Amo i libri così. Ma così come? Indifferibili. Come questo.
Ti trasportano altrove, completamente.
Respiro immenso, boccata di aria pura.
Immergersi nella notte rischiarata dalla luna, nella luce che soltanto il buio fa risplendere.
Un romanzo che è un respiro, un tremulo battito di ciglia, una vita, tante vite, e il vento impetuoso dell'amore che scuote e sconvolge.
Una bambina, una donna matura, una famiglia complicata, errori, paure, desideri, sogni infranti, amore sempre anche se ferisce e fa male, poesia, bellezza, paesaggi mozzafiato, qualche rimpianto, godersi il viaggio, non rimandare a domani, potrebbe essere tardi, siamo qui e ora e intanto la vita accade, semplicemente.
Fatevi un regalo, leggete Jón Kalman Stefánsson e godetevi quell'atmosfera sospesa, rarefatta, evocativa che soltanto lui riesce a creare.
Questo è uno di quei libri che possono salvarci trasportandoci altrove. Uno di quei libri indifferibili, che ci riguardano davvero.
***
"Qui non c'è altro che una vita di fatica, il mare infinito, e le montagne che amplificano i venti, trasformandoli in bufera.
Ma a volte, in certi giorni, in certe sere, in certe notti, questo posto è così bello che sembra proprio che Dio stia scendendo sulla terra per stringere un patto con gli uomini e gli animali. Altre volte non offre abbastanza per una vita intera.
A volte ti posso baciare, a volte posso tenerti stretta, a volte posso addormentarmi al tuo respiro, a volte posso svegliarmi mentre sussurri il mio nome. A volte è come dire raramente.
A volte non vuol dire spesso, ma solo di tanto in tanto.
A volte significa che passerà molto tempo fino alla prossima volta, e per questo sei condannato all'infelicità.

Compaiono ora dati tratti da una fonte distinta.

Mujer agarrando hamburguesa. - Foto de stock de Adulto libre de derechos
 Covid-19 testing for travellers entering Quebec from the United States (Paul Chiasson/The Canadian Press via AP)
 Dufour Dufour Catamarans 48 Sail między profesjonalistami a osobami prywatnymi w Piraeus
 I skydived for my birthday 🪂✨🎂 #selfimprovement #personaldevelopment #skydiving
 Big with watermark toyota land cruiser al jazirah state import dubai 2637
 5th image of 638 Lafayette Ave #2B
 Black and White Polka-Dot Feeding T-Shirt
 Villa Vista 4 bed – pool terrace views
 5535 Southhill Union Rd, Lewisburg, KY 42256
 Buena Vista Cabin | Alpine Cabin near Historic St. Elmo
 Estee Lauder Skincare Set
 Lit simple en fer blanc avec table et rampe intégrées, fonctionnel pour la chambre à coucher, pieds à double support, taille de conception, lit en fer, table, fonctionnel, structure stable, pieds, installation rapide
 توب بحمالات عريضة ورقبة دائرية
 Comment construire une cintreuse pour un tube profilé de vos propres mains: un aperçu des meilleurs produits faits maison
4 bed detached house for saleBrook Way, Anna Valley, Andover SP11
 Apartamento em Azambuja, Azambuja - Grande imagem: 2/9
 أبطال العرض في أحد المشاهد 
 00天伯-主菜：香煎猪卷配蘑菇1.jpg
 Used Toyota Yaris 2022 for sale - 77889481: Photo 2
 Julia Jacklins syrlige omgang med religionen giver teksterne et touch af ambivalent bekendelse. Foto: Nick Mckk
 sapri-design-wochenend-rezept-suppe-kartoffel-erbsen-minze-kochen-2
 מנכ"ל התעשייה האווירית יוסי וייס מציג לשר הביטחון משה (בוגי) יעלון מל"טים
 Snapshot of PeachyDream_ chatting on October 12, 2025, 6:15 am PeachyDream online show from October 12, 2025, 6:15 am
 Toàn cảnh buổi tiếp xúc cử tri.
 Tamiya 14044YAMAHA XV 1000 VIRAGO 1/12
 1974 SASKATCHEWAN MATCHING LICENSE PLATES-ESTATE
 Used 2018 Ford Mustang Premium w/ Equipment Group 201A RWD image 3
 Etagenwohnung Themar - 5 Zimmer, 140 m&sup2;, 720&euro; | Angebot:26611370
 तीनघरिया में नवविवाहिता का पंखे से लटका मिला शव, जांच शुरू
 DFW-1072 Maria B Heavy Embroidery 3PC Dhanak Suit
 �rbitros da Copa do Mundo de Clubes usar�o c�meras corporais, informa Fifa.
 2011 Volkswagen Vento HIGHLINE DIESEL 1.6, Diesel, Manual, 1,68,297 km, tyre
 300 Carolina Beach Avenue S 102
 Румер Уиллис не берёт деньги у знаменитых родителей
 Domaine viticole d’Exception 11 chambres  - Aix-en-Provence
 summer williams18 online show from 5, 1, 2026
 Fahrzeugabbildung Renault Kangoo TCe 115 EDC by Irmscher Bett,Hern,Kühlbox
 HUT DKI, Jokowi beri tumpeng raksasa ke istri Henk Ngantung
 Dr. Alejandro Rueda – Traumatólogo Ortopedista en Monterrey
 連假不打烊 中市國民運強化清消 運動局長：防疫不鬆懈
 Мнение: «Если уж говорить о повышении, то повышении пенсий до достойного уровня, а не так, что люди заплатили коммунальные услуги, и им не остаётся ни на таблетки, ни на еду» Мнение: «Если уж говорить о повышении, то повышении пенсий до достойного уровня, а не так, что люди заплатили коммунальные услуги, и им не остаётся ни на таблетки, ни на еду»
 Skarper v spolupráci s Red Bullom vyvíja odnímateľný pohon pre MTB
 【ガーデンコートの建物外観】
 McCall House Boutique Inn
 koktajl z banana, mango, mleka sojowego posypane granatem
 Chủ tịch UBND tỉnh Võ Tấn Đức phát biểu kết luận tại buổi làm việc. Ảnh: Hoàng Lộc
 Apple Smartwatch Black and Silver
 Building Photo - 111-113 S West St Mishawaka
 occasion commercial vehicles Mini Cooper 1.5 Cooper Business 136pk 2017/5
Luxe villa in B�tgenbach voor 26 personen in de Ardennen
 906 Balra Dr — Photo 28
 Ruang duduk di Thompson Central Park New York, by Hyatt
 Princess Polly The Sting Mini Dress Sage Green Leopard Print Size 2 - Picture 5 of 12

Poi gli edifici crollano sulla tua vita.
Allora il cielo imbrunisce,
e pensano sia la morte."
"Chi non è mai uscito in una notte d'agosto di luna piena, quando le montagne non hanno più niente di terreno, il mare si è trasformato in uno specchio d'argento e le zolle d'erba in cani addormentati, non ha mai vissuto davvero e bisogna porvi rimedio".
"Vuoi sapere qual è la mia sventura? È che quei maledetti extraterrestri si sono dimenticati di venire a prendermi quando avevo diciannove anni per rendermi immune alla routine. Si sono dimenticati di me. Si sono dimenticati di disconnettermi il desiderio di libertà e di avventura. E adesso è troppo tardi, sono troppo vecchia. Tu sei libero, perché non vedi la prigione che ti circonda. Io sono prigioniera, perché vedo le sbarre. Tu sei stato scollegato in tempo. Ti hanno staccato l'inquietudine, la foga, la sete di novità, di imprevisto. A me invece è rimasto tutto dentro. È questa la mia sventura."
"Ciascun essere umano è uno strumento a sei corde e una delle corde di Ásta si chiama malinconia."
"E dove andarsene
come fuggire
se non c'è modo di uscire dal mondo?"
"Ce n'era solo uno che era diverso. Solo uno che non cambiava mai. Che non ha mai perso la poesia.
Solo uno che sapeva trasformare i sassi in imprecazioni.
Era focoso mentre la penetrava, ma anche straordinariamente sensibile. E nel momento dell'orgasmo piangeva sempre un poco.
Ce n'era uno solo.
Poi è scomparso nel silenzio.
Allora non c'è proprio alcun modo per uscire dal mondo?"
"Per questo la vita è incomprensibile. È dolore. È tragedia. È la forza che ci fa risplendere."